'''

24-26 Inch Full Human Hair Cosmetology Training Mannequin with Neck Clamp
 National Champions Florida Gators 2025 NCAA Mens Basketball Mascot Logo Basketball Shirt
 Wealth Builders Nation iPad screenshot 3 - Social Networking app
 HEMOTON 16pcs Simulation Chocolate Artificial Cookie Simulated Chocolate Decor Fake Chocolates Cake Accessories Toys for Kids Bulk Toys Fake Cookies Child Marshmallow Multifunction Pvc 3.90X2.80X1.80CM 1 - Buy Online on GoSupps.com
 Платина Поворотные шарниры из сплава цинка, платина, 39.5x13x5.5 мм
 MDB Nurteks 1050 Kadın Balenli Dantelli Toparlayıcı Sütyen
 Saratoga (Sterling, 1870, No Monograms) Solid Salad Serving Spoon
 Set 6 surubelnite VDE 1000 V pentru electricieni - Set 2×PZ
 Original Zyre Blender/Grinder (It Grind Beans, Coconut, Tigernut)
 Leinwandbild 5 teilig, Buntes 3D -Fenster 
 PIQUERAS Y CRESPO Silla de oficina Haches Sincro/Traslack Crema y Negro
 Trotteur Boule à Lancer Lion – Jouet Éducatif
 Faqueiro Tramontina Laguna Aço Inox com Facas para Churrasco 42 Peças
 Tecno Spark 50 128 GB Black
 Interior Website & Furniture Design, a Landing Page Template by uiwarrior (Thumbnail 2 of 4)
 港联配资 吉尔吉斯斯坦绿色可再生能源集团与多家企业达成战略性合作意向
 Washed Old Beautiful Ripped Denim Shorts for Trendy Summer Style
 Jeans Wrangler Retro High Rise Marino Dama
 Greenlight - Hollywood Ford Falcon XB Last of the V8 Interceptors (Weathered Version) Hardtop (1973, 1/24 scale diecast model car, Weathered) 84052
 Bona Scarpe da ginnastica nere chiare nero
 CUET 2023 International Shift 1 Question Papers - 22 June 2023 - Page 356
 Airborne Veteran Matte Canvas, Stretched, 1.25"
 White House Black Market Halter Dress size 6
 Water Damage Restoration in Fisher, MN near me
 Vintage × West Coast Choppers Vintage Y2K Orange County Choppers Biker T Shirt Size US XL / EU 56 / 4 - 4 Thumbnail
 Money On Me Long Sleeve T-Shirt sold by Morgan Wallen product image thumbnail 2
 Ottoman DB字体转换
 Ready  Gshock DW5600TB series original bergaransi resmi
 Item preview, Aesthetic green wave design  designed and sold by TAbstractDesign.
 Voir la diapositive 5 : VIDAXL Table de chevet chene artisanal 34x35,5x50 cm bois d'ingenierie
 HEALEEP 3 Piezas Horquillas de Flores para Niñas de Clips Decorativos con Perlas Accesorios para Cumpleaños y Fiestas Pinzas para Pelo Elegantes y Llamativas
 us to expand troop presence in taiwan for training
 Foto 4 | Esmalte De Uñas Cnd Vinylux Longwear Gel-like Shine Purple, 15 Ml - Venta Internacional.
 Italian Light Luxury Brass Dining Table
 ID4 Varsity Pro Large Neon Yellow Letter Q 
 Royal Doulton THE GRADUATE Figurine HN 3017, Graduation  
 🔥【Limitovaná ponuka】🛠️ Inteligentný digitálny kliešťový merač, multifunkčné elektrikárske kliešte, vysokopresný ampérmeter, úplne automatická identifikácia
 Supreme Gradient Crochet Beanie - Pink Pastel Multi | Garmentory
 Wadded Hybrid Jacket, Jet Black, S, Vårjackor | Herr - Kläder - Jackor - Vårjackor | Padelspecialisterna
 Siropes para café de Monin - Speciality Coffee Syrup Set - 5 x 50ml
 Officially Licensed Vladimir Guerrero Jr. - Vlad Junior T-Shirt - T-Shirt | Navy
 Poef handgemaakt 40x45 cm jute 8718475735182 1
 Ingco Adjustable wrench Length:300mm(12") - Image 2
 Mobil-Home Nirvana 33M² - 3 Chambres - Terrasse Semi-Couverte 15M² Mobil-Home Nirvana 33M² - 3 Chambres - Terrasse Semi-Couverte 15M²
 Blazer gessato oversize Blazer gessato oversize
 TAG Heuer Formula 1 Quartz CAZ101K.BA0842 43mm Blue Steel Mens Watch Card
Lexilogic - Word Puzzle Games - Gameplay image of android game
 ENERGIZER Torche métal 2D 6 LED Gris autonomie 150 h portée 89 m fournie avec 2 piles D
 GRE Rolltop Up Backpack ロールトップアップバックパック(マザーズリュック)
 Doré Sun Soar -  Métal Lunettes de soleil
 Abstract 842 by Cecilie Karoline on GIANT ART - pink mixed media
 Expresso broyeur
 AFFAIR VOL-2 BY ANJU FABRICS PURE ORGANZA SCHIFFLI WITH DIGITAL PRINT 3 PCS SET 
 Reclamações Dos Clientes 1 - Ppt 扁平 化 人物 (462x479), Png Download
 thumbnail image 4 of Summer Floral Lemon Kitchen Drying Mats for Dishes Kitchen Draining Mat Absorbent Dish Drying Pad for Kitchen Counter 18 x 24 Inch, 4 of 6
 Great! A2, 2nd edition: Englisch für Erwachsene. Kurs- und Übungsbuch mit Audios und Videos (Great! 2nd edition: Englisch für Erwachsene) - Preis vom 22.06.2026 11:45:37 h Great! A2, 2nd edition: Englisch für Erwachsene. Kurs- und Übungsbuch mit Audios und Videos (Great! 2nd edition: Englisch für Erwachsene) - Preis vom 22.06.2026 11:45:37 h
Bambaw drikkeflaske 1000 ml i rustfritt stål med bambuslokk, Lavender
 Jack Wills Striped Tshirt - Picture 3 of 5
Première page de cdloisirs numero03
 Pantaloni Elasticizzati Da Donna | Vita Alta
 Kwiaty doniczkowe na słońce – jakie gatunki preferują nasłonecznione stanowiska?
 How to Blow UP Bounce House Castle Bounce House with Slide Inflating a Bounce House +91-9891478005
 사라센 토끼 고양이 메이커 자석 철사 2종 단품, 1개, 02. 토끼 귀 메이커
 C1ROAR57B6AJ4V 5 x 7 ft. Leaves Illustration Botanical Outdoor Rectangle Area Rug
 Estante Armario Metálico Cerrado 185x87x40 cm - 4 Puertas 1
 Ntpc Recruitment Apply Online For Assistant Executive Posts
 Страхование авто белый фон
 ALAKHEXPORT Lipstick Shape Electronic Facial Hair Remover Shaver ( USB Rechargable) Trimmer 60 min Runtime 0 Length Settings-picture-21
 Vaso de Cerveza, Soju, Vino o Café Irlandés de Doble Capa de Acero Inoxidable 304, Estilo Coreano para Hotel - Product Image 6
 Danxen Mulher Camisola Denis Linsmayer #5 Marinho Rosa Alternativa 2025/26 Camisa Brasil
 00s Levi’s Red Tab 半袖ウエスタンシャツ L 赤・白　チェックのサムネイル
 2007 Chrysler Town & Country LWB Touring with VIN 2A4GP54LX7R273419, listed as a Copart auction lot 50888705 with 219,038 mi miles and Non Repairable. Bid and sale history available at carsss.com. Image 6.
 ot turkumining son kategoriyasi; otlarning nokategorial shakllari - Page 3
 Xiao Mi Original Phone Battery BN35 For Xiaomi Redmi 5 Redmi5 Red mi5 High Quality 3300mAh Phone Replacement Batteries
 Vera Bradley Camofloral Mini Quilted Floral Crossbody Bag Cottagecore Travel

'''

▸ **WHAT TO WORK ON**: One stretch of the lines above is wanted, from the line that contains "us to expand" through the line that contains "11:45:37 h Great!". Output it exactly.

▸ **OUTPUT FOR THIS EXERCISE**:
 us to expand troop presence in taiwan for training
 Foto 4 | Esmalte De Uñas Cnd Vinylux Longwear Gel-like Shine Purple, 15 Ml - Venta Internacional.
 Italian Light Luxury Brass Dining Table
 ID4 Varsity Pro Large Neon Yellow Letter Q 
 Royal Doulton THE GRADUATE Figurine HN 3017, Graduation  
 🔥【Limitovaná ponuka】🛠️ Inteligentný digitálny kliešťový merač, multifunkčné elektrikárske kliešte, vysokopresný ampérmeter, úplne automatická identifikácia
 Supreme Gradient Crochet Beanie - Pink Pastel Multi | Garmentory
 Wadded Hybrid Jacket, Jet Black, S, Vårjackor | Herr - Kläder - Jackor - Vårjackor | Padelspecialisterna
 Siropes para café de Monin - Speciality Coffee Syrup Set - 5 x 50ml
 Officially Licensed Vladimir Guerrero Jr. - Vlad Junior T-Shirt - T-Shirt | Navy
 Poef handgemaakt 40x45 cm jute 8718475735182 1
 Ingco Adjustable wrench Length:300mm(12") - Image 2
 Mobil-Home Nirvana 33M² - 3 Chambres - Terrasse Semi-Couverte 15M² Mobil-Home Nirvana 33M² - 3 Chambres - Terrasse Semi-Couverte 15M²
 Blazer gessato oversize Blazer gessato oversize
 TAG Heuer Formula 1 Quartz CAZ101K.BA0842 43mm Blue Steel Mens Watch Card
Lexilogic - Word Puzzle Games - Gameplay image of android game
 ENERGIZER Torche métal 2D 6 LED Gris autonomie 150 h portée 89 m fournie avec 2 piles D
 GRE Rolltop Up Backpack ロールトップアップバックパック(マザーズリュック)
 Doré Sun Soar -  Métal Lunettes de soleil
 Abstract 842 by Cecilie Karoline on GIANT ART - pink mixed media
 Expresso broyeur
 AFFAIR VOL-2 BY ANJU FABRICS PURE ORGANZA SCHIFFLI WITH DIGITAL PRINT 3 PCS SET 
 Reclamações Dos Clientes 1 - Ppt 扁平 化 人物 (462x479), Png Download
 thumbnail image 4 of Summer Floral Lemon Kitchen Drying Mats for Dishes Kitchen Draining Mat Absorbent Dish Drying Pad for Kitchen Counter 18 x 24 Inch, 4 of 6
 Great! A2, 2nd edition: Englisch für Erwachsene. Kurs- und Übungsbuch mit Audios und Videos (Great! 2nd edition: Englisch für Erwachsene) - Preis vom 22.06.2026 11:45:37 h Great! A2, 2nd edition: Englisch für Erwachsene. Kurs- und Übungsbuch mit Audios und Videos (Great! 2nd edition: Englisch für Erwachsene) - Preis vom 22.06.2026 11:45:37 h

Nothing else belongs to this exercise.